無責任な少年法「改正」法案に抗議します

(2000年9月19日)

「強行すれば世紀の恥辱」(団藤重光元最高裁判事の言葉)と評された検察官関与を軸とした「改正」法案は、多くの市民の反対の中で、先の国会で廃案になりました。

 しかし、こともあろうに、今回の法案は、先に廃案になった法案に、新たに14歳以上に刑罰適用年齢を引下げ、16歳以上の一定の凶悪事件は原則刑事処分にするというような条項を加え、極めつけの厳罰化法案として上程されようとしています。当然刑事処分になる場合は、大人と同じ公開の刑事裁判に付されます。

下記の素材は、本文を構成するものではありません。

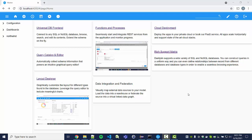In this video we will show you the universal database frontend of the DashJoin Low-Code Development Platform. It allows you to connect to a SQL or NoSQL database, browse and search its contents. So let's get started.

 その上、この法案は議員立法という与党の政治家だけで、政治的駆け引きの中で上程されようとしているもので、法制審議会にさえかけられていません。

 この「改正」法案は、この間の少年たちの犯罪を口実にして意図的に「凶悪化」状況が作られ、その「凶悪化幻想」の中でできた「世論」のもとに作られました。
  
 子どもの犯罪は、その時々の社会の歪みや大人社会の行動を敏感に映す出す「社会病理」だということを忘れてはなりません。わたしたちは、大人の側が子どもの成長を保障する責任を放棄し、自分を棚に上げて子どもを力でねじ伏せようとする、このような「改正」の動きを絶対に許すわけにはいきません。

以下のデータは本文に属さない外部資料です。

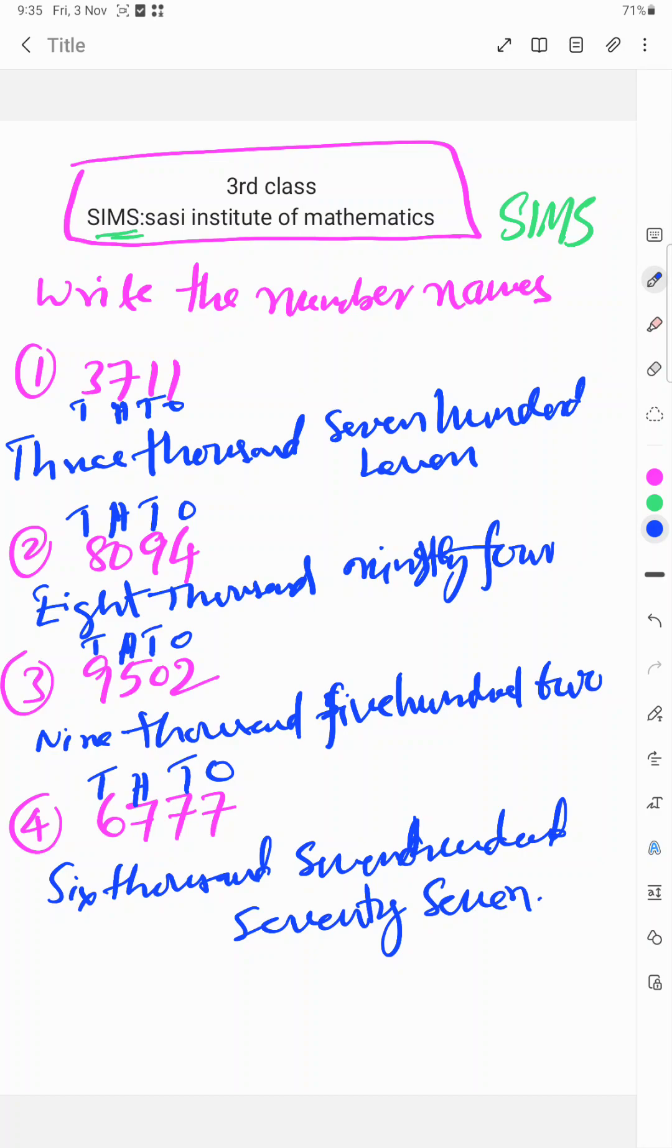9502, 6777. Write the number names. So these are called number names.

 厳罰化は犯罪予防効果もなく、逆に犯罪をふやすだけということは、厳罰化をした他国を見ても明かです。犯罪予防も再犯防止にも効果がないという実証的研究はアメリカなどでは多くなされています。このまま「改正」を強行して、後日失敗だったと言うことが許されるでしょうか。
 
 少年法は社会や教育の在りかたに関する基本的な法律の一つです。少年に対するだけでなく日本の将来の安全にかかる法律でもあります。したがって、少なくとも、現行少年法ができた後の少年犯罪の状況、現行少年法が果たした役割、「改正」するとどのような状況になるかの見通し、これらは最低、実証的に検討すべきです。もちろん、その場合、関係者の意見を十分聞き、協議する必要があります。決して政治家だけで決めるべきではありません。

 これまでも、新聞の社説や識者から、現行少年法の役割を無視した議論に、「頭を冷やして冷静に議論せよ」、「実証的に検討せよ」、と指摘されてきましたし、現行少年法を変えることによって生じるリスクは余りに大きい、と指摘されてきました。

 これをこのまま強行した後に予想される厳しい状況には誰が責任を持つのでしょう。

 少なくとも、少年犯罪をとりまく状況を実証的に検討し、その上で必要があるなら、それを市民に示したうえで改正の手続をしてください。それのない「改正」法案は直ちに撤回すべきです。